■ TASK GOAL: Only the lines from the one with "Dildo Chisa Novelties" to the end of the data, both ends included, should be output, exactly as they stand and without pictures.

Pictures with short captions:
__________

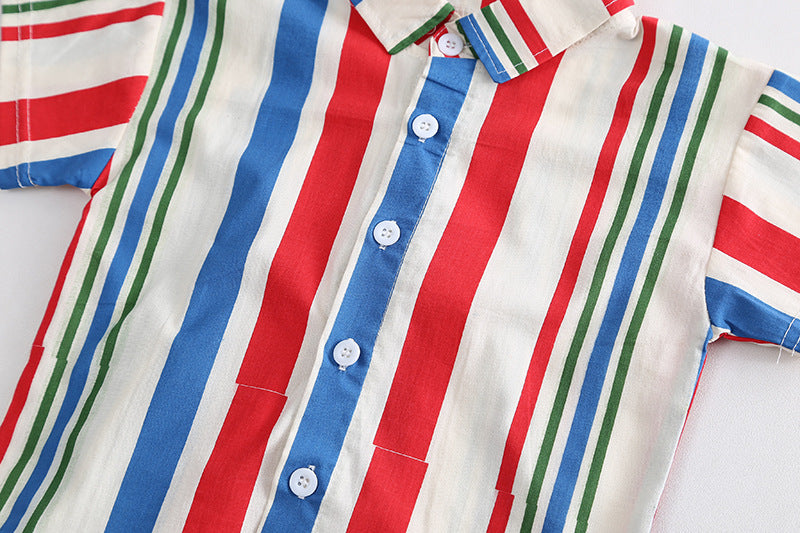 Multicolored Shirt Set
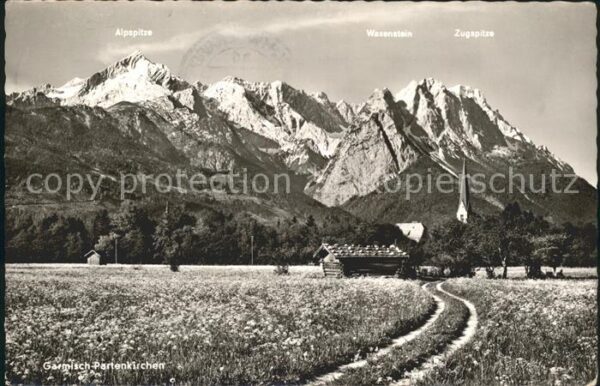 Garmisch-Partenkirchen Alpspitze Waxenstein Zugspitze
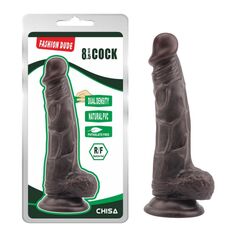 Dildo Chisa Novelties "Fashion Dude" 22 cm - Negru - vedere frontala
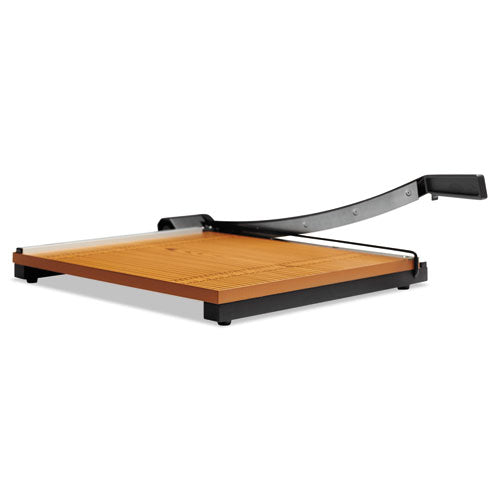X-ACTO® wholesale. Square Commercial Grade Wood Base Guillotine Trimmer, 15 Sheets, 18" X 18". HSD Wholesale: Janitorial Supplies, Breakroom Supplies, Office Supplies.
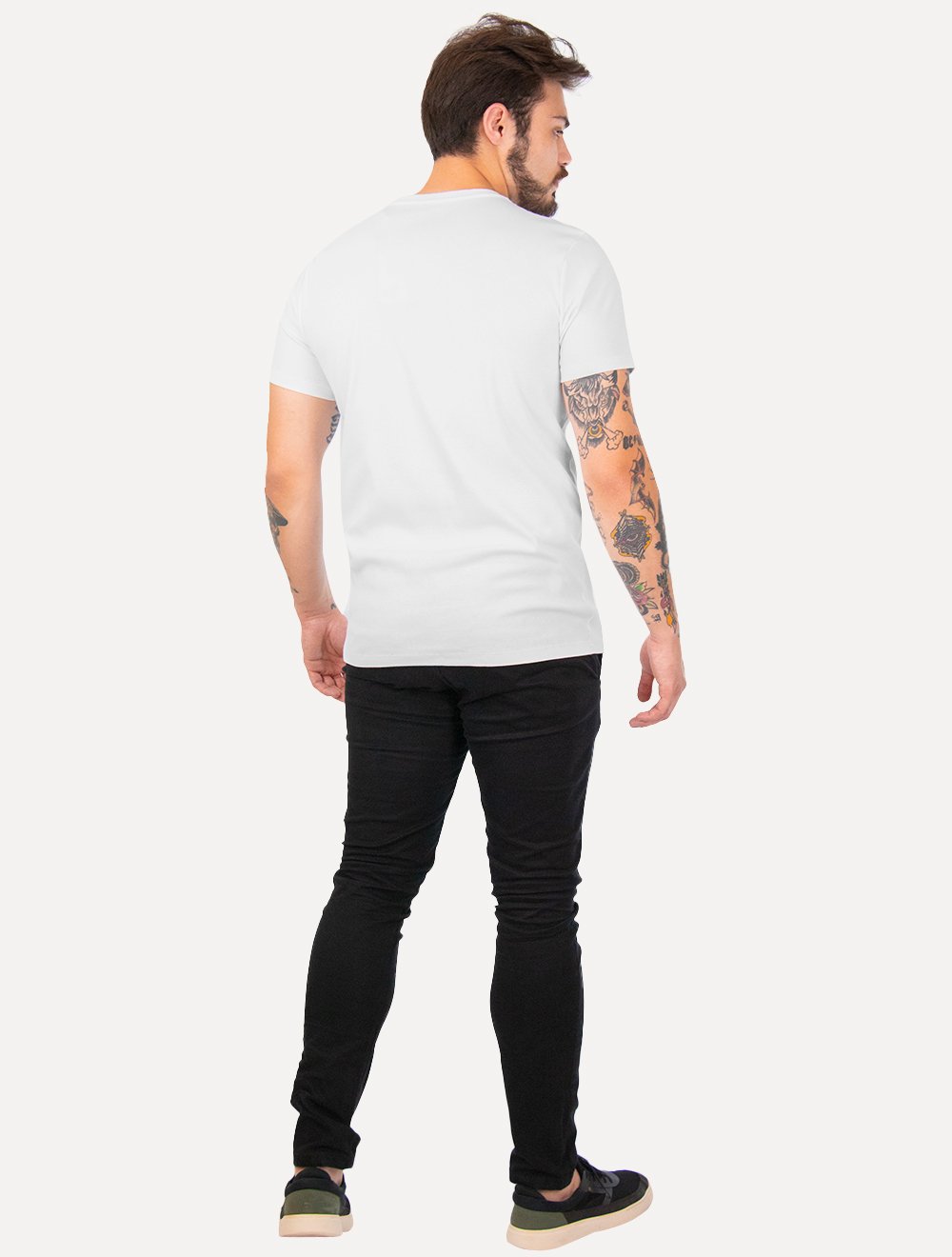 Camiseta Colcci Masculina Slim Malha Canelada Branca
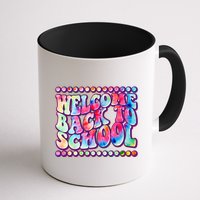 Retro 1960s Tie Dye Welcome Back To School Mug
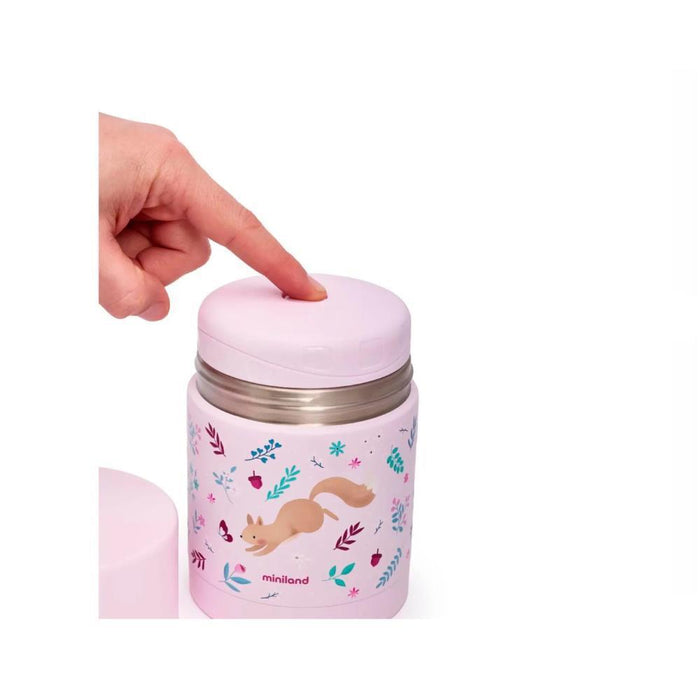 Termo para Sólidos Miniland Thermy Squirrel Pink 600ml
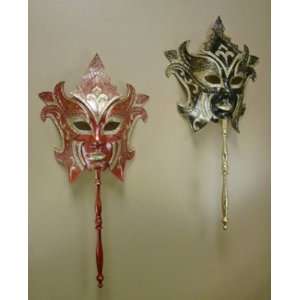    Diavolo della Palla Ebano & Rosso Carnivale Masks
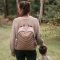 Babymel Gabby Vegan Leather Backpack - Almond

__________

■ ANSWER BOX:
 Dildo Chisa Novelties "Fashion Dude" 22 cm - Negru - vedere frontala
X-ACTO® wholesale. Square Commercial Grade Wood Base Guillotine Trimmer, 15 Sheets, 18" X 18". HSD Wholesale: Janitorial Supplies, Breakroom Supplies, Office Supplies.
 Camiseta Colcci Masculina Slim Malha Canelada Branca
 Retro 1960s Tie Dye Welcome Back To School Mug
 Termo para Sólidos Miniland Thermy Squirrel Pink 600ml
    Diavolo della Palla Ebano & Rosso Carnivale Masks
 Babymel Gabby Vegan Leather Backpack - Almond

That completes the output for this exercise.